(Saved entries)
++++

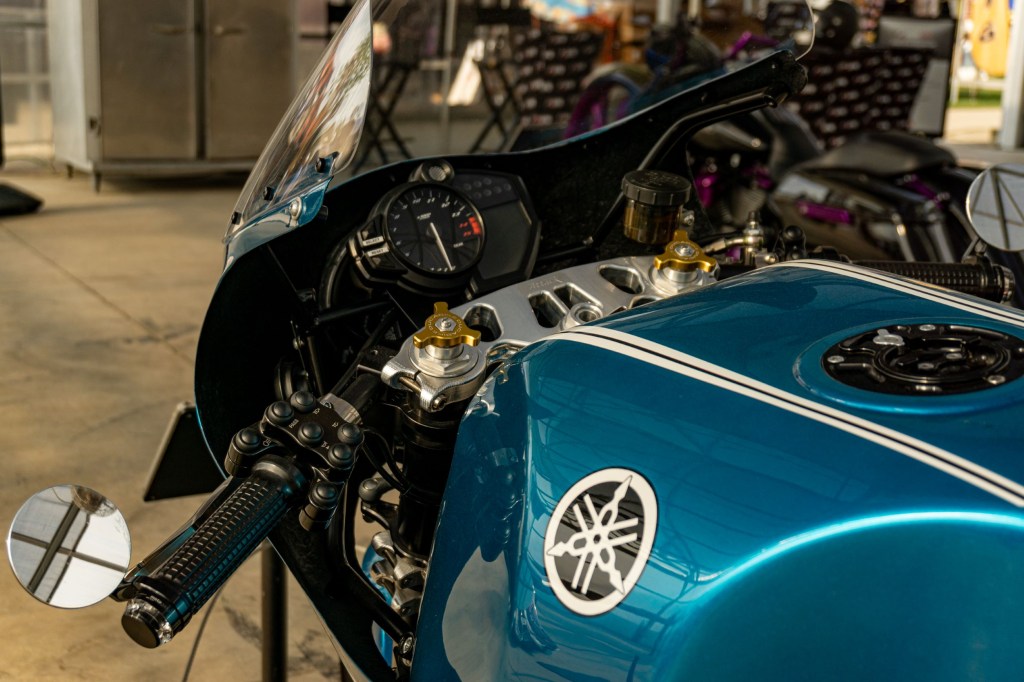 A closeup view of Robert Catanese's blue Framecrafters 2021 Yamaha YZF-R1 R1X's handlebars and gauges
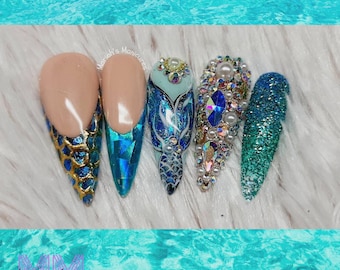 May include: Close-up of five long, pointed, artificial fingernails with different designs. The nails are painted in shades of blue and green with glitter and rhinestones. One nail features a mermaid tail design. The text "Mariah's Manicures" is visible in the image.
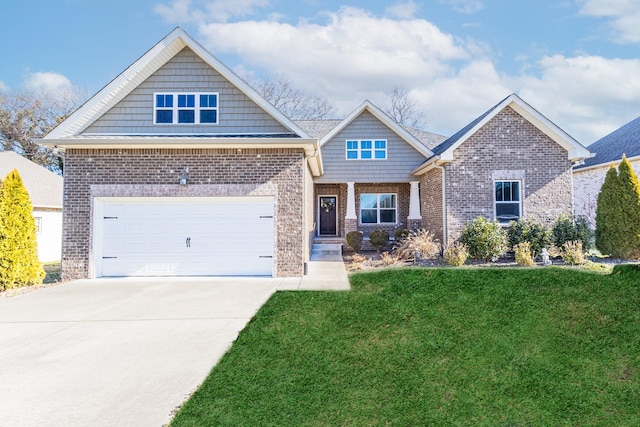 craftsman-style home with a garage, a front yard, concrete driveway, and brick siding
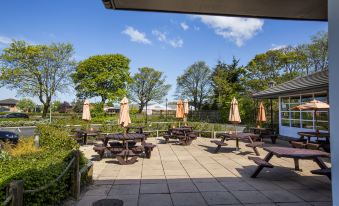 a courtyard with multiple picnic tables and umbrellas , creating a pleasant outdoor seating area for guests at Leeds / Bradford Airport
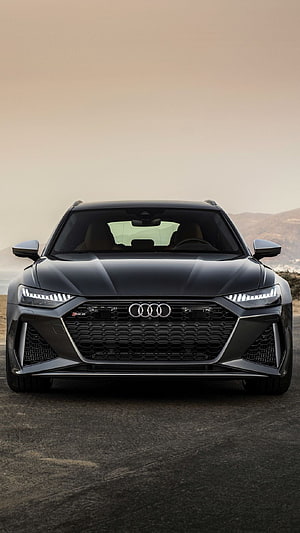 Audi RS6 Avant Front View in Matte Grey Against a Hazy Mountain Landscape HD phone wallpaper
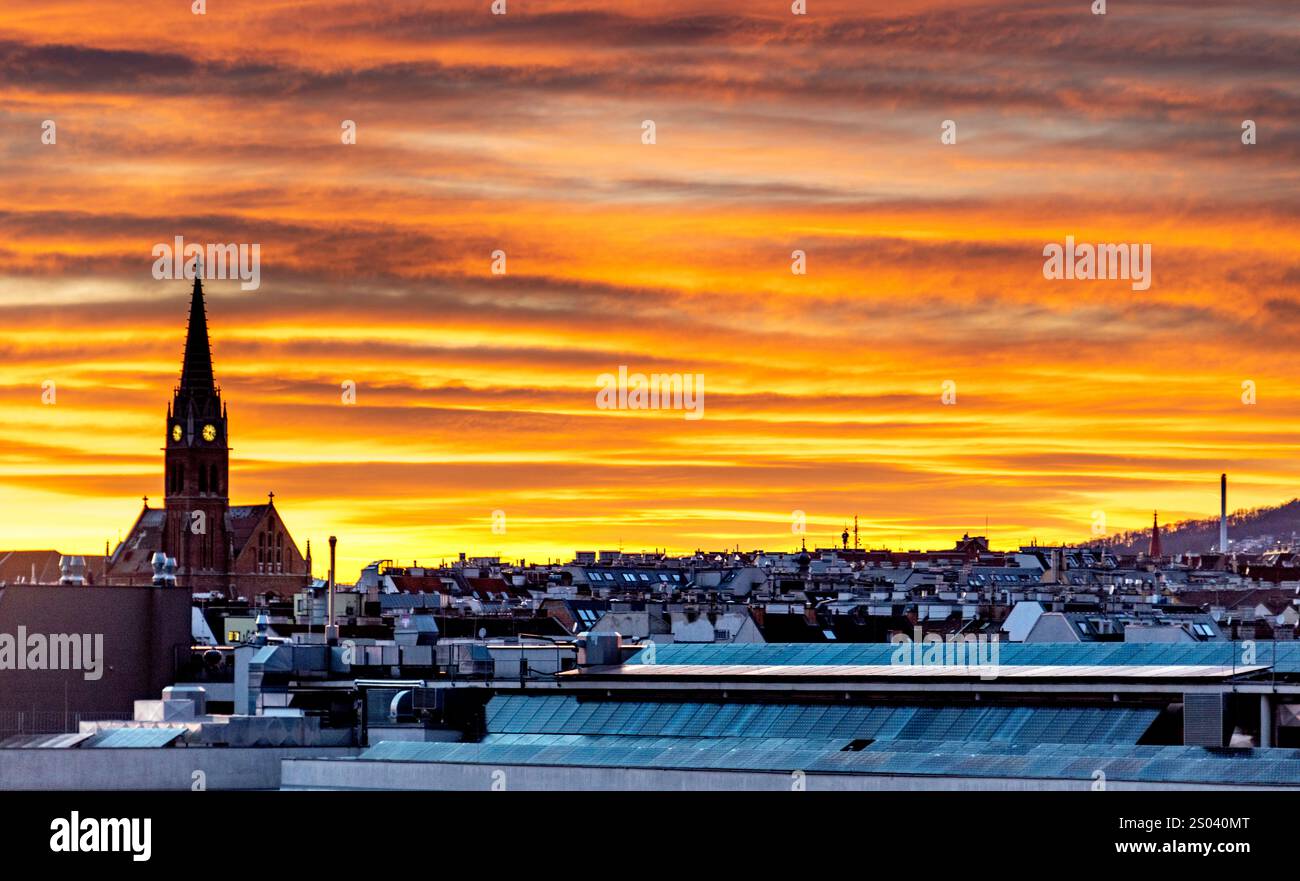 Uno splendido tramonto sullo skyline della città con tetti e un'importante torre della chiesa. Il cielo è pieno di vivaci tonalità arancio e giallo, creato Foto Stock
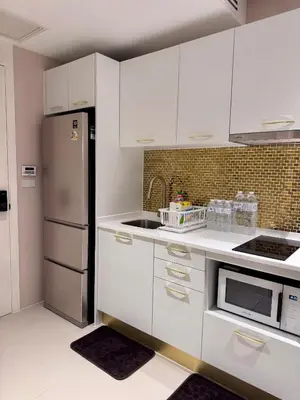 a kitchen with white cabinets and a stainless steel refrigerator at Luxury 2 Person Apartment in Heart of Phuket in Ban Ket Ho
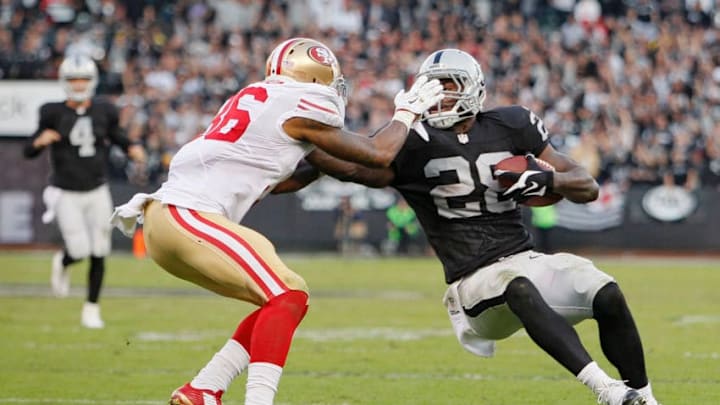 OAKLAND, CA – DECEMBER 7: Running back Latavius Murray #28 of the Oakland Raiders picks up 16 yards to the 10-yard line before being stopped by defensive back Dontae Johnson #36 of the San Francisco 49ers in the fourth quarter on December 7, 2014 at O.co Coliseum in Oakland, California. The Raiders won 24-13. (Photo by Brian Bahr/Getty Images)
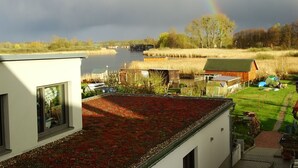 A modern house with a red roof garden, a view of a river, and a rainbow in the distance. - Gemütliches Dachgeschoss-Apartement mit Seeblick und großem Garten am Wasser by Interhome (Ludorf)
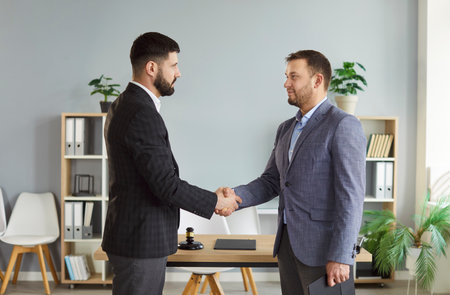 Male lawyer working on workplace shaking hands with client after consultation. Confident advocate reaching agreement with man standing in office. Legal law, jurisdiction and advice concept.の写真素材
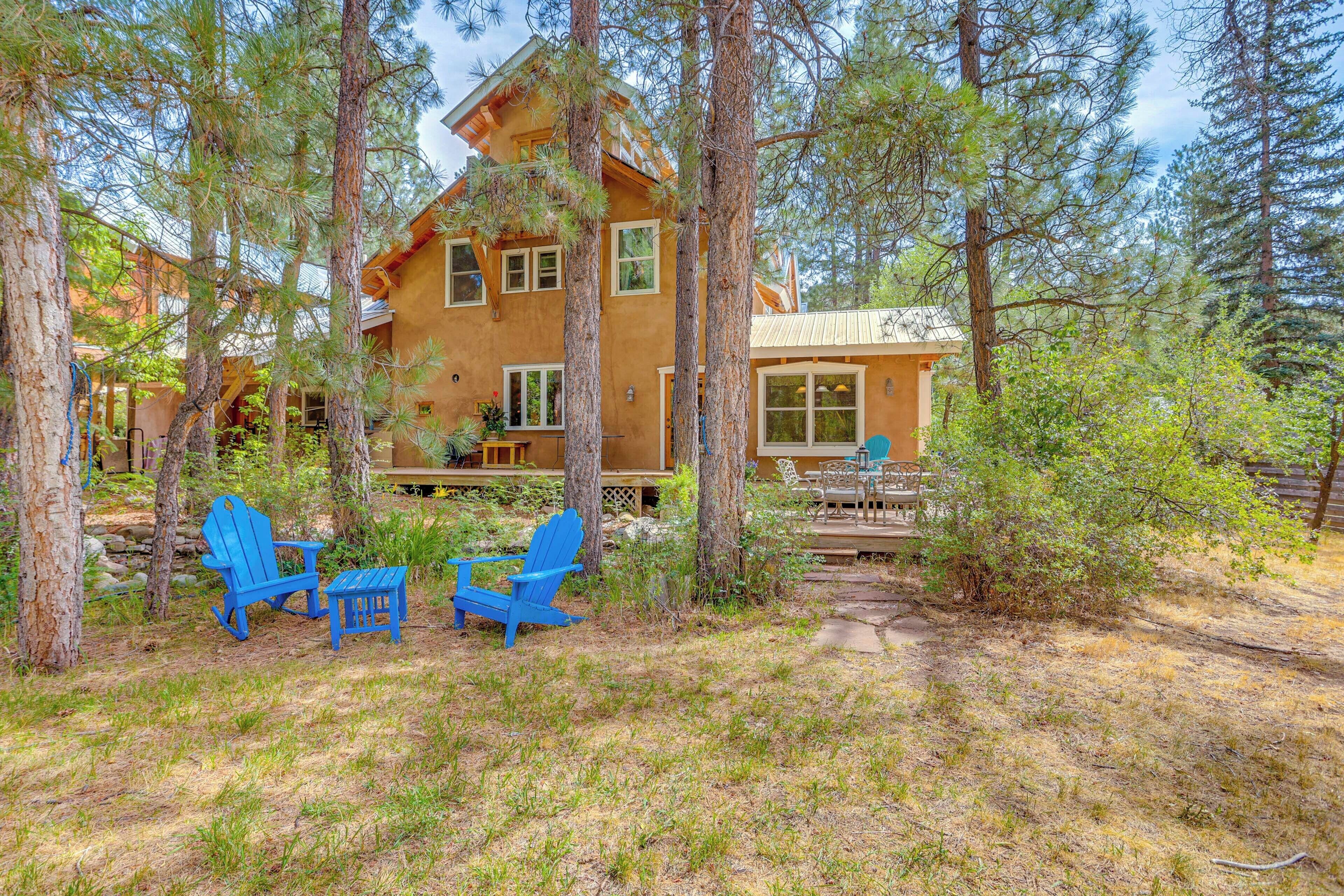 A rustic cabin with a deck, surrounded by tall pine trees.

++++

Images do not belong in the copy; reproduce all other parts of the records above verbatim.

[Answer section]
 A closeup view of Robert Catanese's blue Framecrafters 2021 Yamaha YZF-R1 R1X's handlebars and gauges
 May include: Close-up of five long, pointed, artificial fingernails with different designs. The nails are painted in shades of blue and green with glitter and rhinestones. One nail features a mermaid tail design. The text "Mariah's Manicures" is visible in the image.
 craftsman-style home with a garage, a front yard, concrete driveway, and brick siding
 a courtyard with multiple picnic tables and umbrellas , creating a pleasant outdoor seating area for guests at Leeds / Bradford Airport
 Audi RS6 Avant Front View in Matte Grey Against a Hazy Mountain Landscape HD phone wallpaper
 Uno splendido tramonto sullo skyline della città con tetti e un'importante torre della chiesa. Il cielo è pieno di vivaci tonalità arancio e giallo, creato Foto Stock
 a kitchen with white cabinets and a stainless steel refrigerator at Luxury 2 Person Apartment in Heart of Phuket in Ban Ket Ho
 OAKLAND, CA – DECEMBER 7: Running back Latavius Murray #28 of the Oakland Raiders picks up 16 yards to the 10-yard line before being stopped by defensive back Dontae Johnson #36 of the San Francisco 49ers in the fourth quarter on December 7, 2014 at O.co Coliseum in Oakland, California. The Raiders won 24-13. (Photo by Brian Bahr/Getty Images)
 A modern house with a red roof garden, a view of a river, and a rainbow in the distance. - Gemütliches Dachgeschoss-Apartement mit Seeblick und großem Garten am Wasser by Interhome (Ludorf)
 Male lawyer working on workplace shaking hands with client after consultation. Confident advocate reaching agreement with man standing in office. Legal law, jurisdiction and advice concept.の写真素材
 A rustic cabin with a deck, surrounded by tall pine trees.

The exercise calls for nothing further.